» **Supplied data**
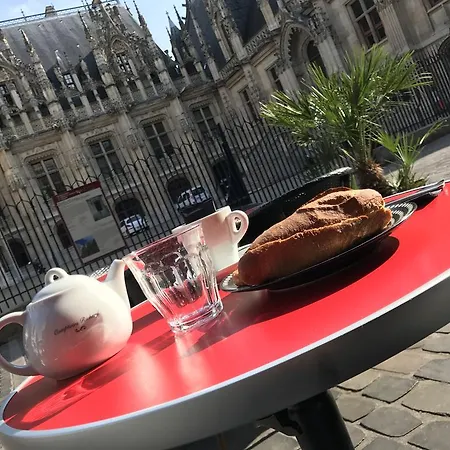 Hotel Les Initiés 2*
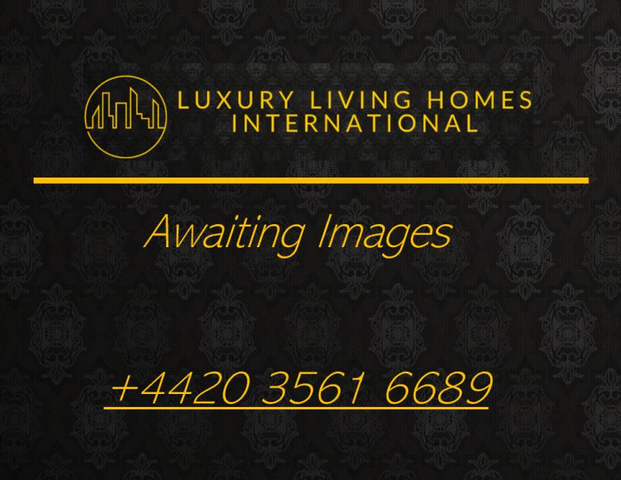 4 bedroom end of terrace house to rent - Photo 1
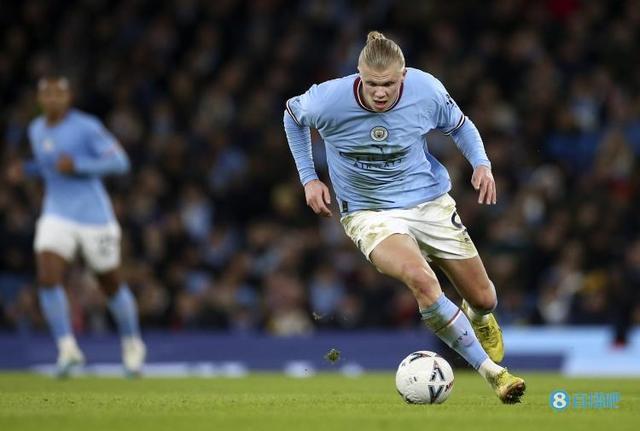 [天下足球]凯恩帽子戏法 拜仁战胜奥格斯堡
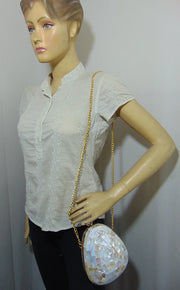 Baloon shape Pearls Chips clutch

» **Your task**
Could you please return each line of the material exactly, dropping the pictures?

» **Exercise output**
 Hotel Les Initiés 2*
 4 bedroom end of terrace house to rent - Photo 1
 [天下足球]凯恩帽子戏法 拜仁战胜奥格斯堡
 Baloon shape Pearls Chips clutch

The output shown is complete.